Yesterday, a woman was trying to emphasise a point and to do this she kept saying ‘Kò sówó, ko sówó’ (‘There is no money’). Those words sounded strange in my hearing. Of course situations are not always positive, but our words count in the face of those situations. Believe me.
I have had some things doing in Lagos for some time which demands that I move around hopping buses and crossing busy roads with high central reservation (in places where there are no pedestrian bridges). At a time I always complained with this statement, ‘Èkó àti wàhálà’ (Lagos and stress). (Truly, I have a good reason to say Lagos is stressful. I was not raised in Lagos and I lived and worked for a while in a city that in a way is similar to where I was raised. I was never used to the rigour of living in Lagos). I kept thinking and talking like this until one day it occurred to me that I had been confessing negatively. So I switched to saying ‘Èkó àti ìbùkún ẹ̀’. (Lagos and its blessings).
Two years ago, I went to visit my sisters in Ibadan. Now, Ibadan has a funny appellation: ‘Ìbàdàn n’lé Olúyòlé níbi t’ọ́mọ olè gbé ti n jàre olóhun’ (Ibadan, Oluyole’s land, where a thief is justified over whoever he steals from). I remembered those words when I knew I’d be going to see my sisters and I found myself musing over them and at the same time verbalizing them. Throughout my short visit, I continued to say them. I am a literary person, so those words amused me. On the day I was to leave, my sister saw me off to the park. It was necessary that we take two buses. Upon alighting from the first bus, we had to walk a little before we could join another bus. I had my backpack—which contained my netbook, phone, camera and some money—strapped to my back. While walking to where we would get the next bus, I wanted to use my phone, but I found the zip to where I kept it behind the bag open. I alerted my sister and we stepped aside to see if the phone was not stolen. Yours sincerely, my phone was gone including the money except for my camera which escaped the theft.

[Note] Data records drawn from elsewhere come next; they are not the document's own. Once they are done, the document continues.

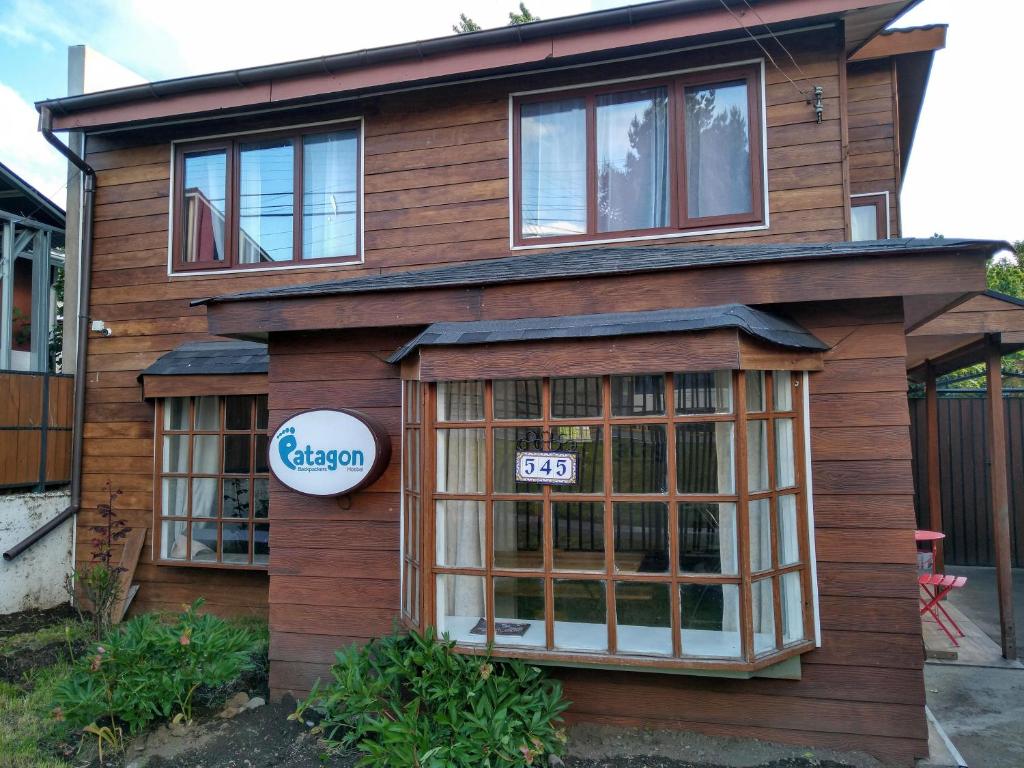 a house with a sign on the front of it at Patagon Backpackers in Coihaique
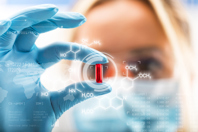 Applications Of Liquid-Filled Capsules In Pharmaceutical Manufacturing Scientist holding pill-GettyImages-849469292
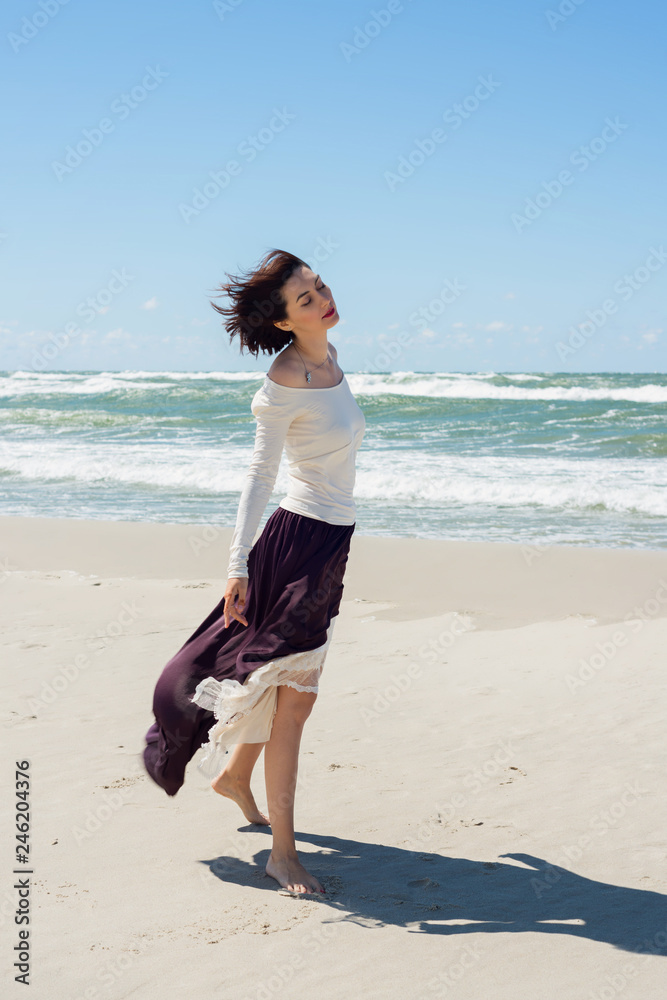 Beautiful brunette woman in dress by the sea Beautiful brunette woman in dress by the sea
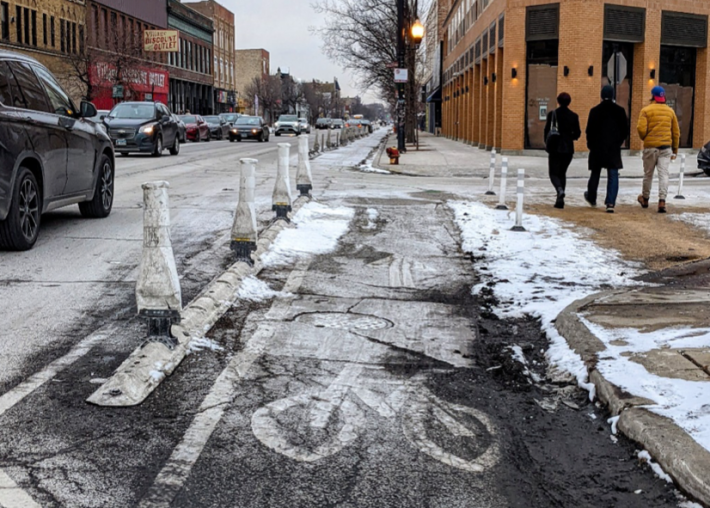 A plastic curb-protected bike lane on Milwaukee Avenue in Logan Square. Photo: Ruth Rosa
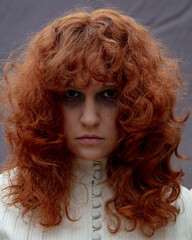 Fototapeta premium A portrait of a young woman with long curly, red hair, wearing a vintage dress and looking sad and serious.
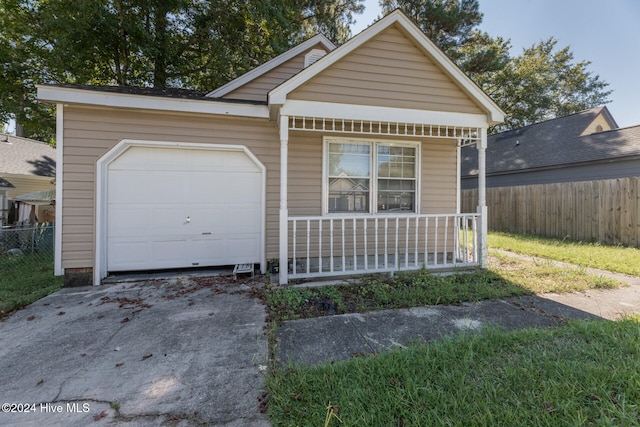 view of front of home featuring covered porch and a garage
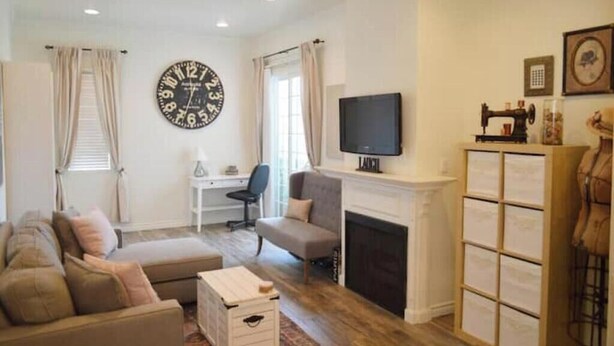 A living room with a sofa, a television, a fireplace, and a large wall clock.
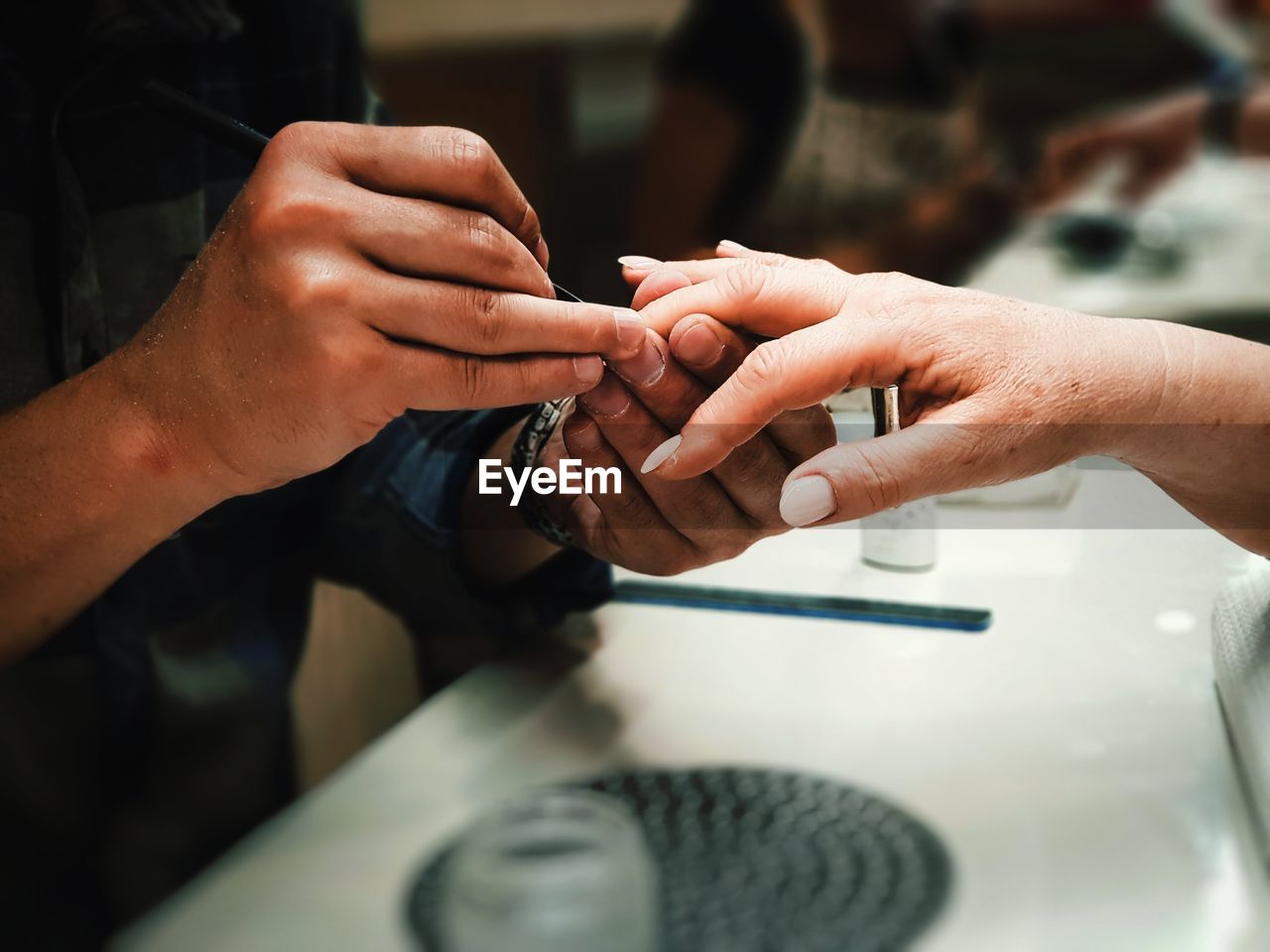 Midsection of man giving manicure to woman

I was shaken. I went around with this same bag in Port Harcourt and in Lagos, Big brother Lagos, and no one dared do such a thing to me. How come this happened to me in Ibadan, Ibadan of all places? And what were angels doing when the scoundrel was busy stealing from me? Why did the Lord allow this? These were the questions ringing in my head. Later, the line I had been reciting about Ibadan was brought back and it occurred to me that I opened the door, though unwittingly, for the incident through my spoken words.
Although it is not every time that we experience ills that they are brought on us by our words, but several times negative things that happen to us come as a result of the careless words we speak both consciously and unconsciously or those spoken by others into our lives.
Your words count a lot. Don’t tell yourself that you’re stupid even if you act stupidly.
Correct yourself, but don’t confirm it. The fact that you make some mistakes does not make you stupid. For example, if I misplace something and I am searching everywhere for it, I don’t tell myself that I am careless. I say, ‘AY, you’re not careless, though you need to be more careful.’ I see many positive things in my life today and I remember one time or the other in the past that I had stubbornly confessed those things in my words. Now, they are manifesting.
Can I beg you? Please, even in the face of adversity, make sure the words that proceed from your mouth are positive. It doesn’t matter if you see the manifestation of those words yet or not. Keep saying them until they manifest. I understand there are some situations where it is stupid and unrealistic to speak good words. Speak them anyway, even if you have to do so amidst hot tears. Always remember that all things work together for good to THEM who love God and have been called according to His purpose.
The best source of good words is the Holy Bible. Meditate on the words therein day and night because they are alive (God will help us all to be very faithful to doing that) because out of the abundance of the heart the mouth speaks. Confess the words.
But the Owner of those words may be mad at you for confessing His words if you do not please Him. And how do you please Him? By accepting the priceless gift of His only begotten Son, Jesus Christ, who was crucified and buried but rose again and lives forever. Jesus came to save you from your sin and eternal damnation. Apart from eternal life that He offers, you have access to abundant life here on earth which is all encompassing. He will be with you in troubles, He will be your peace in the storm, He will be your constant friend when no-one cares. He will be everything to you.
#Proverbs 12:14 (NIV)
‘From the fruit of his lips a man is filled with good things, as surely as the work of his hands rewards him.’
# Romans 10:10 (NIV)
‘For it is with your heart that you believe and are justified, and it is with your mouth that you profess your faith and are saved.’
But to the wicked person, God says: ‘What right have you to recite my laws or take my covenant on your lips?
For the word of God is alive and active. Sharper than any double-edged sword, it penetrates even to dividing soul and spirit, joints and marrow; it judges the thoughts and attitudes of the heart.